Born Aug. 1, 1930, in Milwaukee. Eagleburger graduated from the University of Wisconsin. He grew up in a Republican family, once telling a reporter for the Milwaukee Journal that “my father was somewhat to the right of Genghis Khan.”
I don’t believe anybody has drawn the Eagleburger-Sobchak connection before, but it’s plausible. The Big Lebowski, released in 1998, is set in 1991.
Many have wondered why the Coens went to the trouble of setting their movie so specifically in one particular year of the recent past, but my impression is that the Coens almost always have good reasons for whatever they do.
For example, they edited their movies bicamerally under the pseudonym of “Roderick Jaynes,” which appears to have been a tribute to Julian Jaynes, who was a lecturer in philosophy at Princeton U. who published the cult classic The Origin of Consciousness in the Breakdown of the Bicameral Mind while Ethan Coen was a philosophy major at Princeton.

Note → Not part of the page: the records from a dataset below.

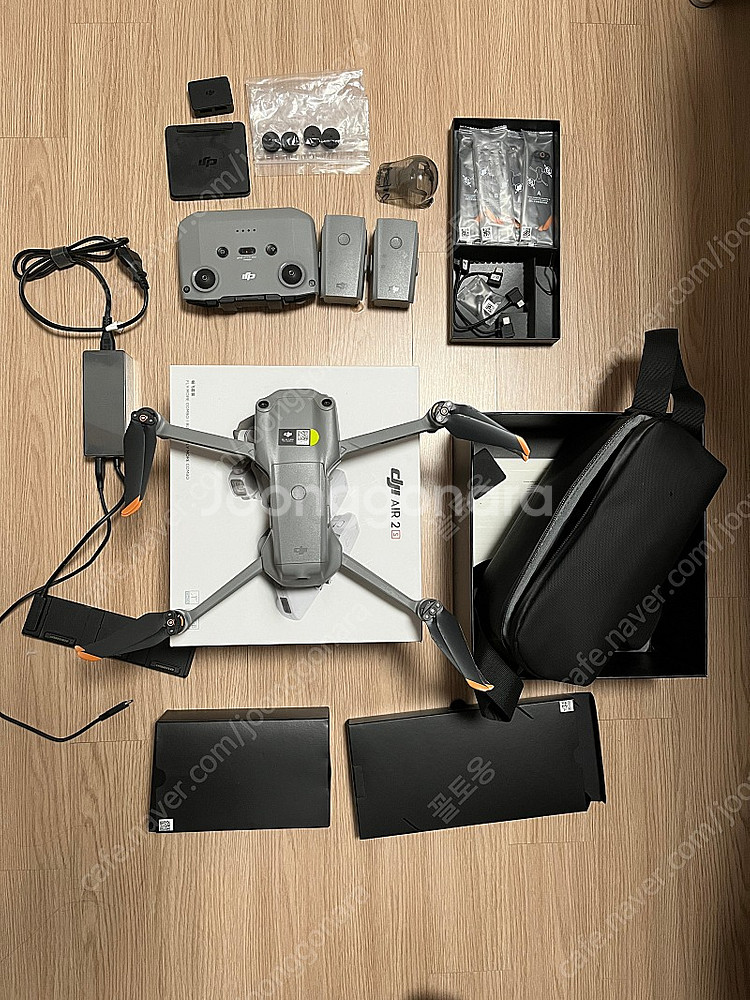 DJI 에어2S 플라이모어 콤보 판매합니다.--0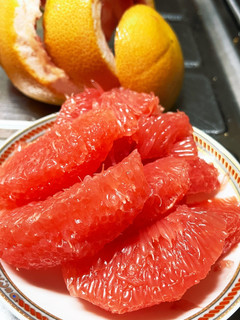 パクッと食べたいグレープフルーツの剥き方-レシピのメイン写真
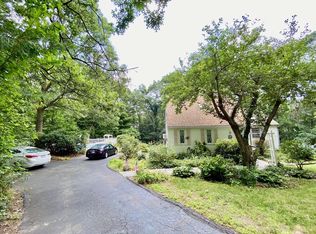 28 Cooke Rd, Plymouth, MA 02360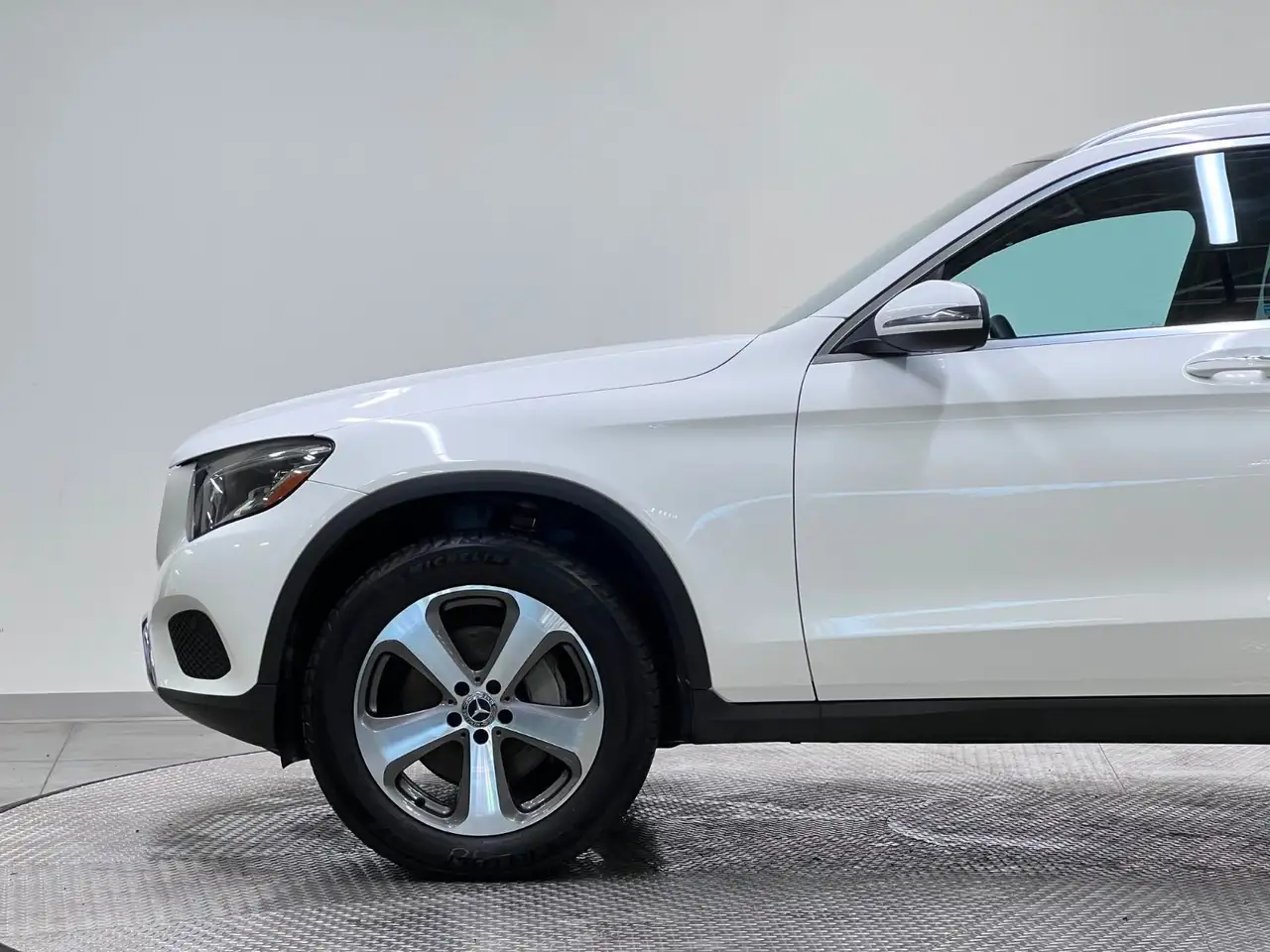 Mercedes-Benz GLC снимка Mercedes-Benz GLC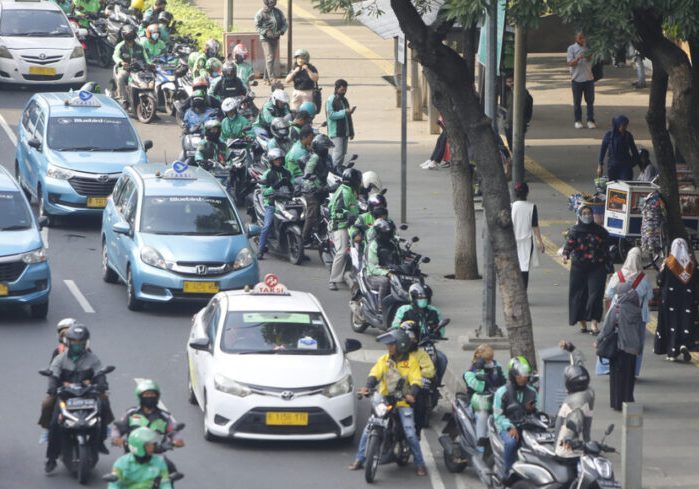 Ilustrasi Ojol &amp; Taksi ngetem di Jalan Gatot Subroto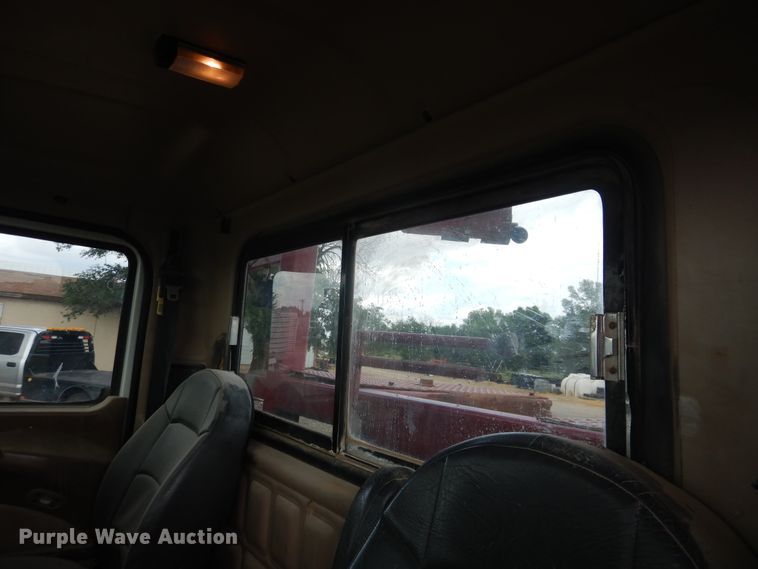 image for item DM6277 2007 Mack CV713  roll-off container truck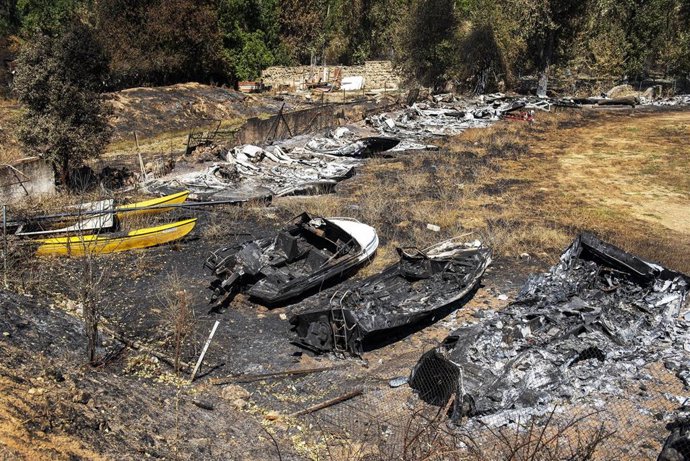 Archivo - Varias embarcaciones calcinadas, a 2 de agosto de 2026, en Pelayos de la Presa, Madrid (España). El Gobierno regional ha iniciado labores encaminadas a la reconstrucción de la zona, así como el Punto de Ayuda Tras el Incendio (PATI) que atiende 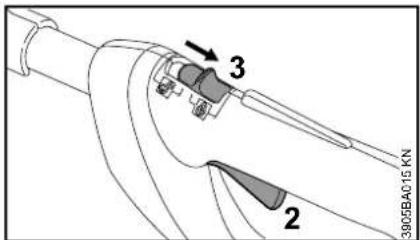 STIHL FSA 85 - Removing the battery - 2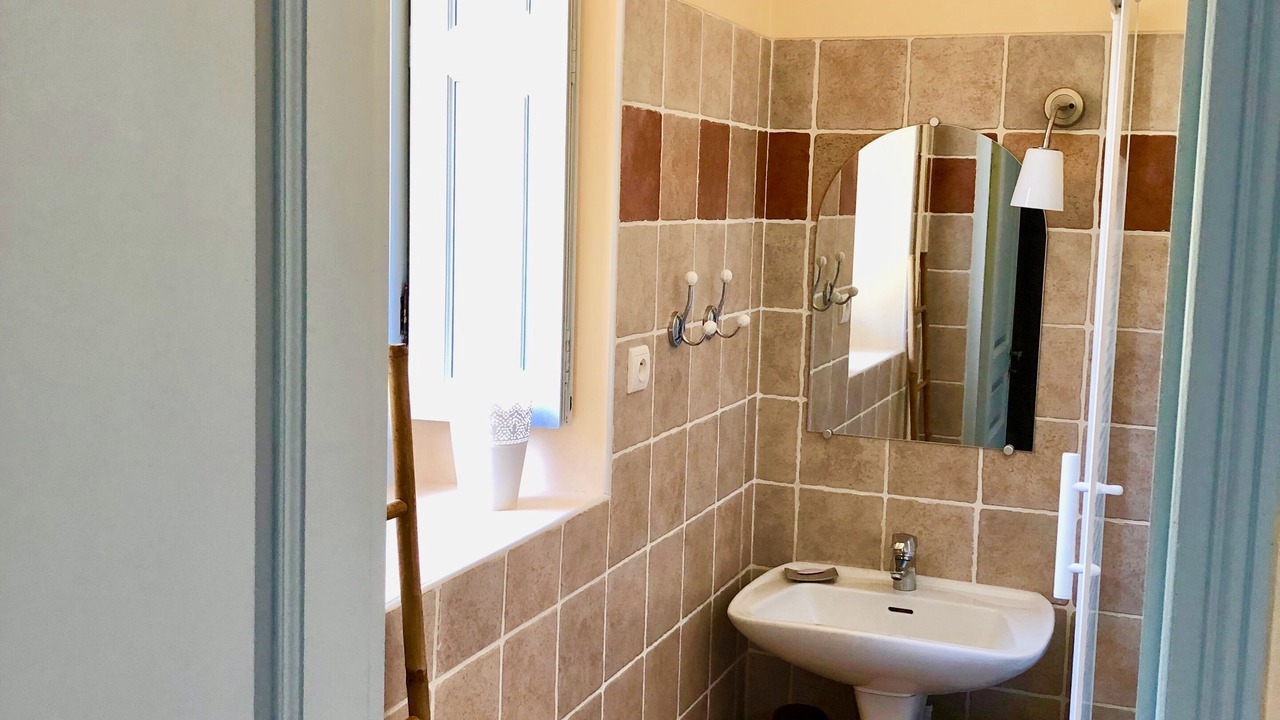 Photo of Bathroom in Savonnieres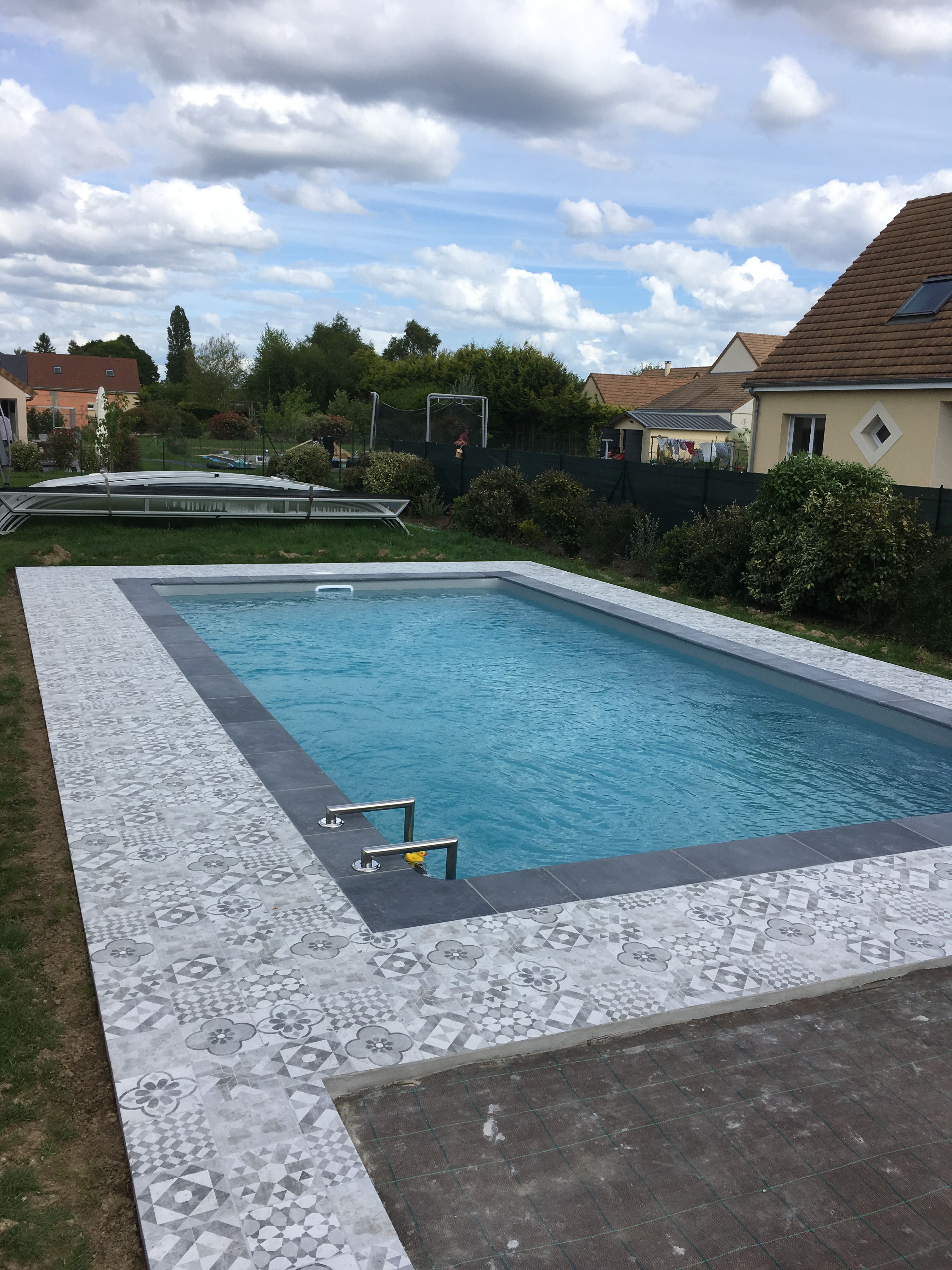 Pose de carrelage autour d'une piscine à Moncé-en-Belin - 6 sur 9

In general, the Coens are extremely clever.
My guess is that the Coens watched a lot of CNN in 1991.
Anatoly Sobchak became mayor of St. Petersburg that year and was a favorite of the U.S. government before dying under suspicious circumstances in 2000. (More speculatively, Walter Ulbricht was the supremo of East Germany from 1950 into the early 1970s.)
Lawrence Eagleburger was U.S. deputy secretary of state during the key year of 1991. When Saddam Hussein shot Scud missiles at Israel in the hopes of widening the Gulf War and bringing the Arab Street over to his side by encouraging a Gaza-like Israeli retribution, Eagleburger was dispatched to Israel, where he successfully dissuaded the Israelis from responding.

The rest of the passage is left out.